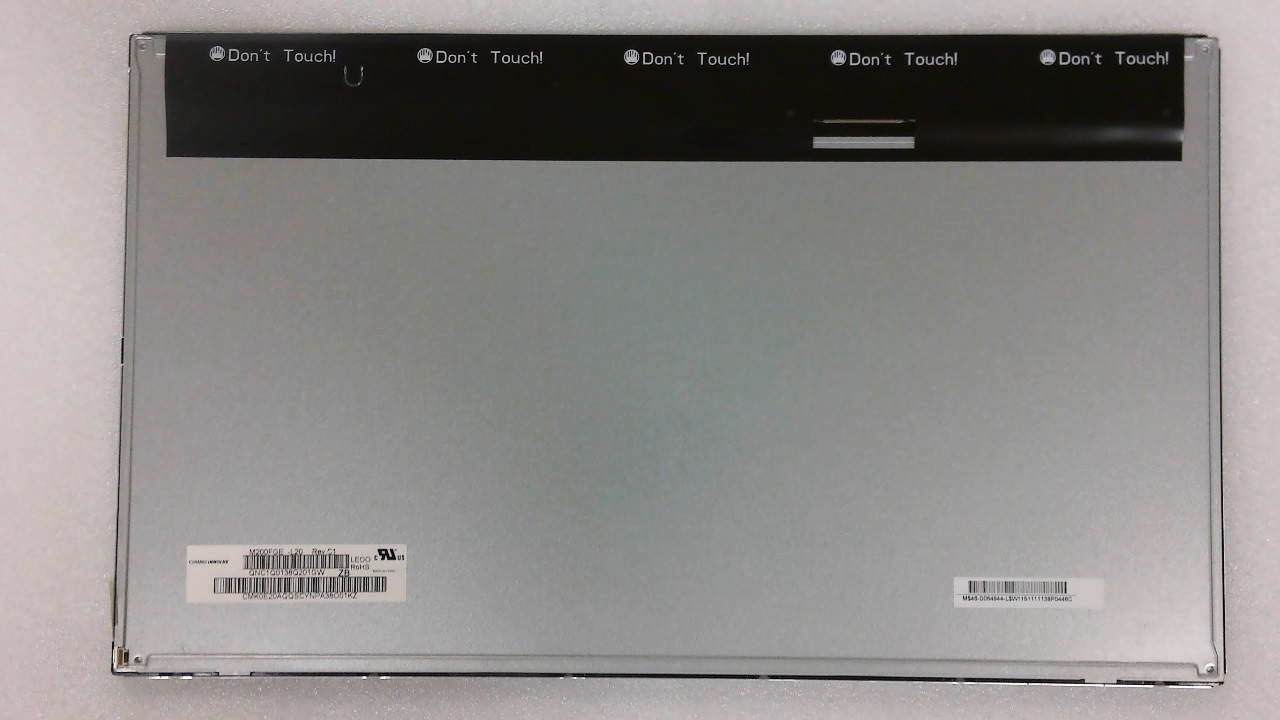 20″ FHD All-in-One Screen Acer Aspire C24-865 KL.2000D.003 Display Panel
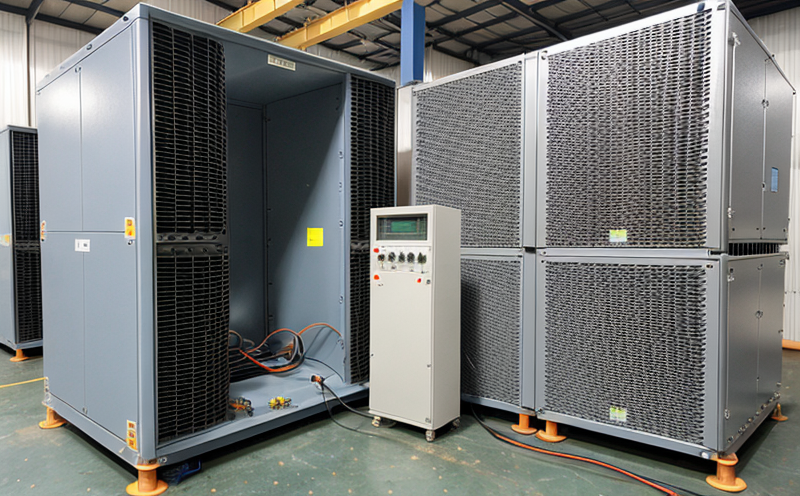 frequency-response-testing-in-power-transformers
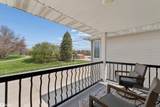 2207 Shore Drive - Photo 64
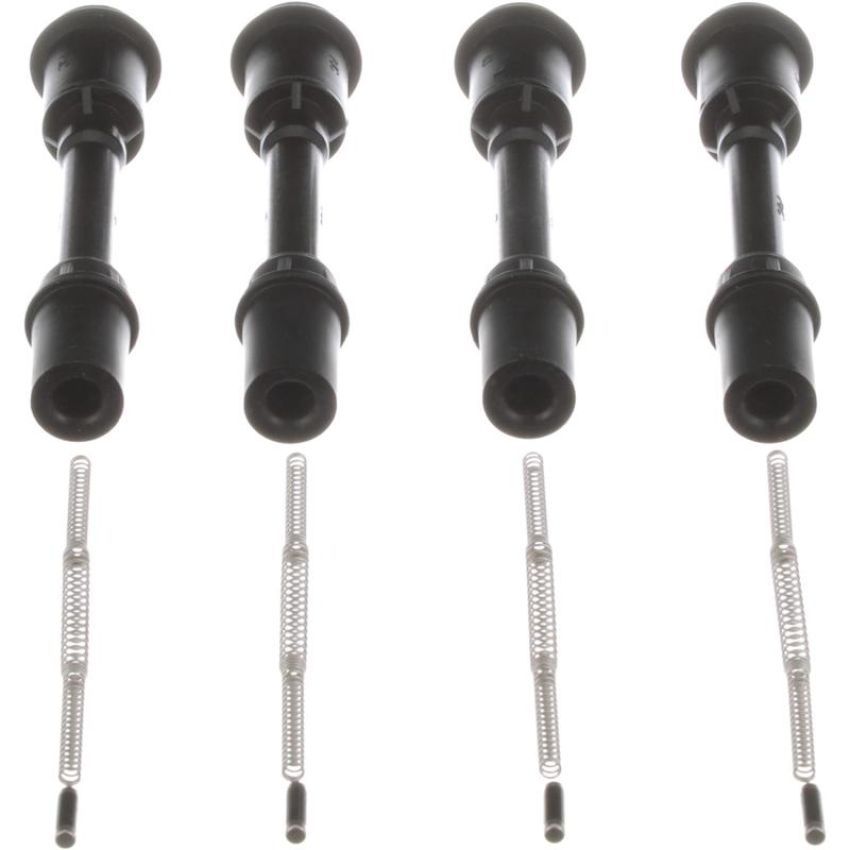 Standard Motor Products CPBK204 Coil On Plug Boot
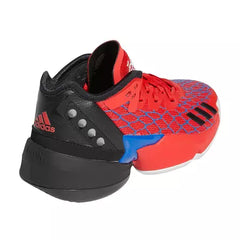 Adidas Don Issue 4 Enfant Spiderman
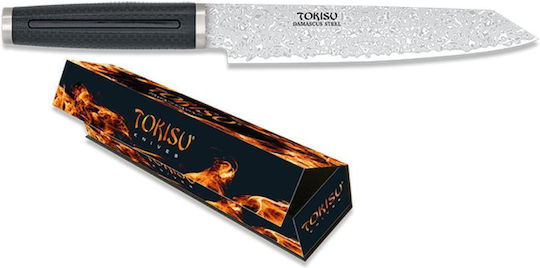 Tokisu Μαχαίρι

--- YOUR INSTRUCTIONS ---
From the first line to the last, repeat the material exactly, but drop the pictures.

--- ANSWER FOR THE TASK ---
 20″ FHD All-in-One Screen Acer Aspire C24-865 KL.2000D.003 Display Panel
 frequency-response-testing-in-power-transformers
 2207 Shore Drive - Photo 64
 Standard Motor Products CPBK204 Coil On Plug Boot
 Adidas Don Issue 4 Enfant Spiderman
 Tokisu Μαχαίρι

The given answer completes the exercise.